$\DeclareMathOperator{\dx}{dx}\DeclareMathOperator{\dy}{dy}\DeclareMathOperator{\dnu}{d\nu}$ Consider in $\mathbb R^2$ the frame field $\{X=\partial_x+y\partial_y,Y=\partial_y\}.$ I computed its corresponding coframe field as $\{\omega=\dx, \theta=-y\dx+\dy\}$.
I want to show that the frame field is not holonomic.
I'm following two books.
- One defines a frame field holonomic if it comes from a local coordinate system - $\{\partial_u,\partial_v\}$.
- The other defines a coframe field $\dnu^\alpha$ as holonomic if $\dnu^\alpha=0$, and it then declares (locally) its dual frame field as holonomic.
The second definition is very practical, because for my example, differentiating the coframe shows $d\theta=\dx\wedge\dy\neq 0,$ so neither it nor the frame field are holonomic.
Is it possible (how?) to use the first definition for this example? That is, can I show that $\{X,Y\}$ cannot be expressed as $\{\partial_u,\partial_v\}$ for some local coordinates $u,v:\mathbb R^2\to \mathbb R$ directly, without going to the differentials? $ А jesuitical answer is yes:
- If $\{X,Y\}=\{\partial_u,\partial_v\}$, then the corresponding coframe field equals $\{du,dv\}$
- Since $d\theta\neq 0$, it's impossible that $\theta=dv$ is an exact form.

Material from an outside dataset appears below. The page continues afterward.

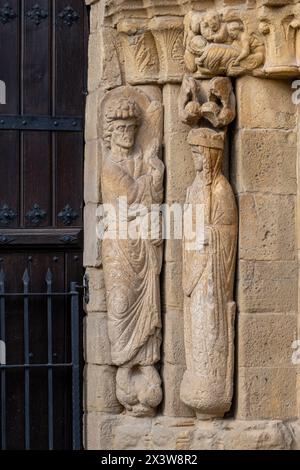 Virgen María y el Arcángel , Escena de la Anunciación, puerta de Los Abuelos, Iglesia de San Juan, Laguardia , Alava, País Vasco, Spanien Stockfoto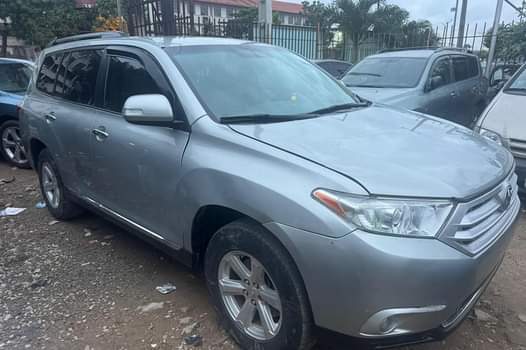 A picture of Toyota Highlander 2011 upgraded to 2013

- Therefore, $\{X,Y\}$ is not expressible as $\{\partial_u,\partial_v\}$.
But this defeats the purpose of my question, because it simply translates the question in terms of differential forms, and doesn't show me what makes it impossible to find coordinates matching $\{X,Y\}$.
$X$ and $Y$ are coordinate vector fields if and only if their Lie bracket $[X,Y]=0$. In your case, $[X,Y]=-\partial_y$.